Ahmed Rıza citing the principle of executive responsibility, called for responsibility to fall upon the government.

== Question of war guilt ==
Also up on trial were the decision makers which dragged the Ottoman Empire into war. Istanbul came to the consensus that CUP leadership were adventurists that treasonously dragged the country into a disastrous war of choice, while nationalists claimed the war was forced on the nation. Upon the signing of the Amasya Protocol, a brief rapprochement opened between Istanbul and the nationalists. The Committee of Representation (then in Sivas, soon in Ankara) declared that it had no connection with the CUP and endorsed legal proceedings against those which committed crimes of aggression and war crimes. However the agreement between the two parties restricted the scope of punishment to only cabinet members.
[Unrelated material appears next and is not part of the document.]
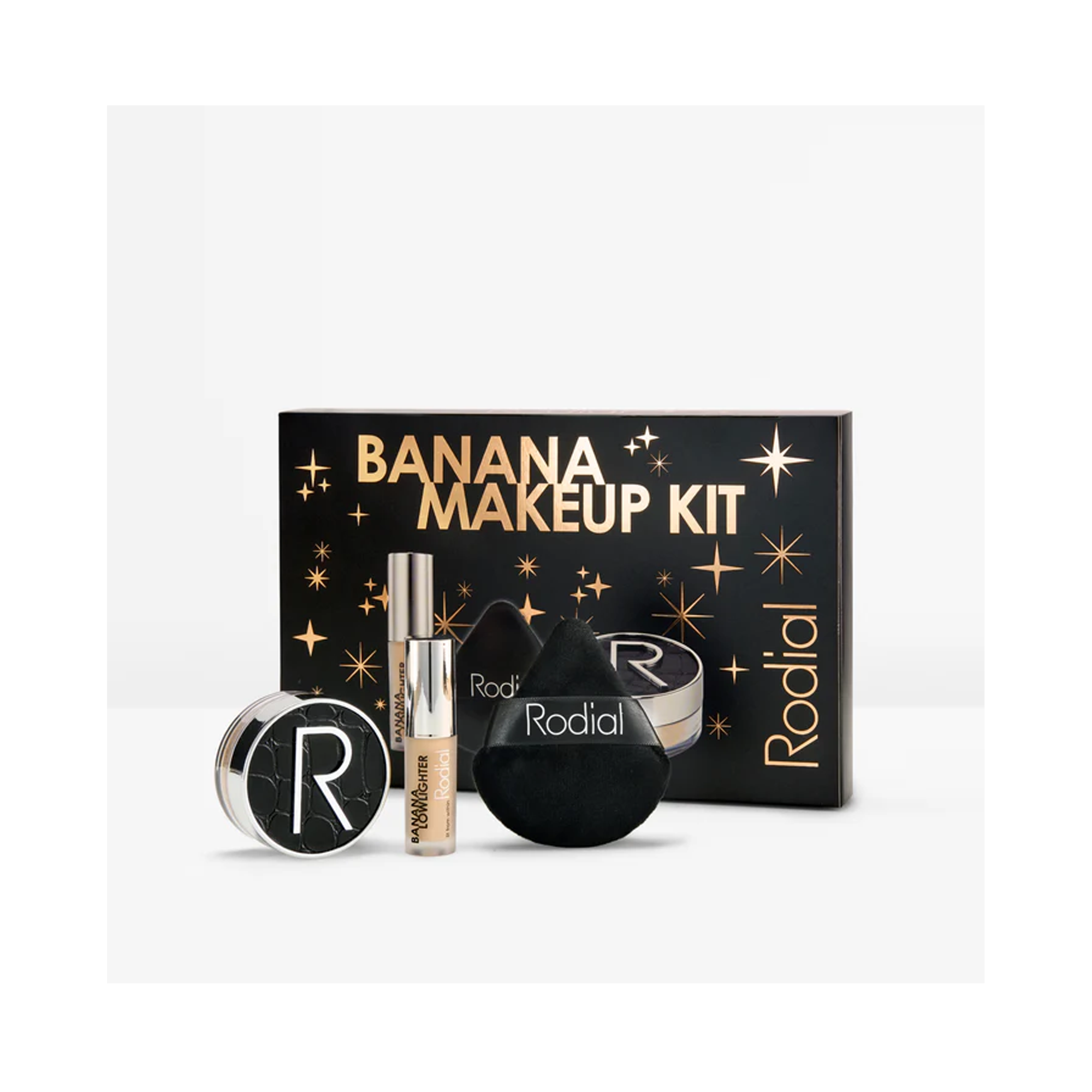 Rodial Banana Makeup Holiday Kit / KIT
== Findings of the Commission of 15 ==
In January 1919, delegates of the big five (United States, Britain, France, Italy, Japan) recommended establishing the Commission on the Responsibility of the Authors of the War and Enforcement of Penalties, also known as the commission of 15, to set up a frame work to allow for the prosecution of war crimes. This commission soon concluded that World War I was started by Germany in a premeditated fashion, and that the Ottoman Empire and Bulgaria were responsible for assisting in Germany's quest to wage a war. The report published accused the Central Powers of conducting the war in a "barbaric or illegitimate manner that violates established laws, the traditions of war and the principles of humanity." Highlighted was the treatment of Armenians and Greeks by the Ottoman government, of which it was accused in multiple and repeated instances of two types of crimes: those committed by one state against the armed forces of another state or its subjects while under occupation (war crime) and crimes against its own citizens on their own sovereign territory (crime against humanity). This was the first time a distinction was made between these two concepts.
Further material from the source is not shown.